After deciding on one main design, like the incredible adaption, I will further design 3 to 6 additional logos to be printed on individual candy packages, each with a different theme. In the illustrator document, if you look closely, the fonts, colors, sizes, and spaces between letters vary from design to design (D&M), and I think each has its advantages and disadvantages. Another series of logos is the comic textured Mandy’s logo, with a Micky Mouse-shaped lollipop on the side. These were done intentionally to look a bit rougher, but I think more modern and interesting to view for children, which is our primary target audience.

Going into the feedback, I had three rounds of the feedback given to me during class. Most of these feedbacks didn’t have a significant impact on my final ones, but two ideas suggested by Jennifer and oscar helped me developed my ideas further. One idea was that I could include a more eye-catching element to it because the one I showed them at the time was still mostly black and white. From that comment, I changed my logo to try out colors of black, yellow, and red (colors of mickey mouse). Another feedback I got from them was that I don’t just have to use fonts that I drew by myself, because they’re not especially neat. At the time, the ‘100% homemade candy since 1960’ was still hand-drawn, and a bit messy. I changed it up into a legit digital font, and I feel like it worked out to look more professional.

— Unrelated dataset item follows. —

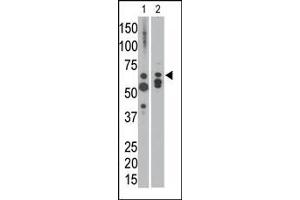 The anti-MTM1 C-term Pab is used in Western blot to detect MTM1 in NCI-H460 cell lysate (lane 1) and in mouse heart tissue lysate (lane 2).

Because I didn’t get to finish a lot of my ten designs in class, I also asked my parents for feedback at home once I completed them. My dad is actually a professional designer, and he gave me some insightful ideas that eventually led to the design on top. First, he said that I could have unity throughout the font, so I couldn’t use half black and white while the other half is orange. Another thing that I should consider is that I should make my logo in a sense that it could be able to fit in with a variety of colors so that they can be repurposed to put on packaging, signs, or even websites. The last thing is that I should be clear in what the store is, so I listened to the feedback and added the mickey shaped candy on top instead of a not very related star, and added the homemade candy quote on the bottom.